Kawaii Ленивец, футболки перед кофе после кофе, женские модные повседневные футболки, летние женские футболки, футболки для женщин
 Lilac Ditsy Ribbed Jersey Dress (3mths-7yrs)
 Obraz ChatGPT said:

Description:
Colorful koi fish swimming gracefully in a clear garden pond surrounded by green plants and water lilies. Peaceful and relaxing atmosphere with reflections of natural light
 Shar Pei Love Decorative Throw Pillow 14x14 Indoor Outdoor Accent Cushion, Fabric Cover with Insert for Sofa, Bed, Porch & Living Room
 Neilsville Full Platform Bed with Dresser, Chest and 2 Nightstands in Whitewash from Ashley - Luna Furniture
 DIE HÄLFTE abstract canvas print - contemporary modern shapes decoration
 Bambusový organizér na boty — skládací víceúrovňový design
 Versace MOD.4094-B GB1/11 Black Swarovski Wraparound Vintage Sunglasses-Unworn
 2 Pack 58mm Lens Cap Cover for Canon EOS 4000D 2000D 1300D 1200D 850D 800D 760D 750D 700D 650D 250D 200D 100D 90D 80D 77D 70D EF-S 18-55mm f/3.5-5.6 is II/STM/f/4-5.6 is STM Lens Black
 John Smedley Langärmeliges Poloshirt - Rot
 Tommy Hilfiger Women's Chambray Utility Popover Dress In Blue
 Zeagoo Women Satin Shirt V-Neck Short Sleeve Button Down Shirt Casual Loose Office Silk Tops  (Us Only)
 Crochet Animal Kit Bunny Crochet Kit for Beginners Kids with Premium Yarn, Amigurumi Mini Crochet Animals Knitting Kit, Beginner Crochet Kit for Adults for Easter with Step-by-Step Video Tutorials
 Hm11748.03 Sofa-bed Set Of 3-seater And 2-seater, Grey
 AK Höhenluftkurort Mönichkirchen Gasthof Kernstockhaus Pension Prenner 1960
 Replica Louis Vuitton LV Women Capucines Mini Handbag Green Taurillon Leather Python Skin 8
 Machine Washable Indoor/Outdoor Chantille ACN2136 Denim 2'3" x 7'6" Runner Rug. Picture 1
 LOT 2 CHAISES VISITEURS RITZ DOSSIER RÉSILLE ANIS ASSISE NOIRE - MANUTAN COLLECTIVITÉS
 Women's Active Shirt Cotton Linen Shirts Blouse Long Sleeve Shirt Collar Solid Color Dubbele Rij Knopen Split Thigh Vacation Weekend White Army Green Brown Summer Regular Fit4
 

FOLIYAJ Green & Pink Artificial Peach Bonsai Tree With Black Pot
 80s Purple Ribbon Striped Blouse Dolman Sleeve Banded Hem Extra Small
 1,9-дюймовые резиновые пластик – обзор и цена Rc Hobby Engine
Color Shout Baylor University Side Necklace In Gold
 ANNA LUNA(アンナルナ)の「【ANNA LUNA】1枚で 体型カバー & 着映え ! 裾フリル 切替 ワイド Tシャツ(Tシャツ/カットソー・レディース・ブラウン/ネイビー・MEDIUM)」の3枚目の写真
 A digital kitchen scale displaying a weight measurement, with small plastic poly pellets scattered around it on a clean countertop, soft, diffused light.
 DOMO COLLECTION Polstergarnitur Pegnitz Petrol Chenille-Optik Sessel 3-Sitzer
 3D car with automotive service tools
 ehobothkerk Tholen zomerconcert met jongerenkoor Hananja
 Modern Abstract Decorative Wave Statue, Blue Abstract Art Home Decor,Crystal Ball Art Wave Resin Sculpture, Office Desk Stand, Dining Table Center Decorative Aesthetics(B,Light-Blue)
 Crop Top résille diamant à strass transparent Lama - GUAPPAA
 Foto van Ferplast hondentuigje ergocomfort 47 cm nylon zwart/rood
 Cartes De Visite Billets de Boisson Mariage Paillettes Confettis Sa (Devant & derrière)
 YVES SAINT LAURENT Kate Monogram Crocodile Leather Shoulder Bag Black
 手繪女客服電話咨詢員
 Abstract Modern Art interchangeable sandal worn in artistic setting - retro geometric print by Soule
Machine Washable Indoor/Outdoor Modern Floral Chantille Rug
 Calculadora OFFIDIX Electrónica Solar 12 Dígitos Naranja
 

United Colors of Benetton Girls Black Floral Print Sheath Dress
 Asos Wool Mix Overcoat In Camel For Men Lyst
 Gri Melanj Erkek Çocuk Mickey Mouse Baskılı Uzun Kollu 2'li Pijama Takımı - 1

----------

__Assigned task__.
Beginning at the line above that contains "Versace MOD.4094-B GB1/11", return each line exactly through the line that contains "John Smedley Langärmeliges Poloshirt - Rot", and no others.

__Task answer__.
 Versace MOD.4094-B GB1/11 Black Swarovski Wraparound Vintage Sunglasses-Unworn
 2 Pack 58mm Lens Cap Cover for Canon EOS 4000D 2000D 1300D 1200D 850D 800D 760D 750D 700D 650D 250D 200D 100D 90D 80D 77D 70D EF-S 18-55mm f/3.5-5.6 is II/STM/f/4-5.6 is STM Lens Black
 John Smedley Langärmeliges Poloshirt - Rot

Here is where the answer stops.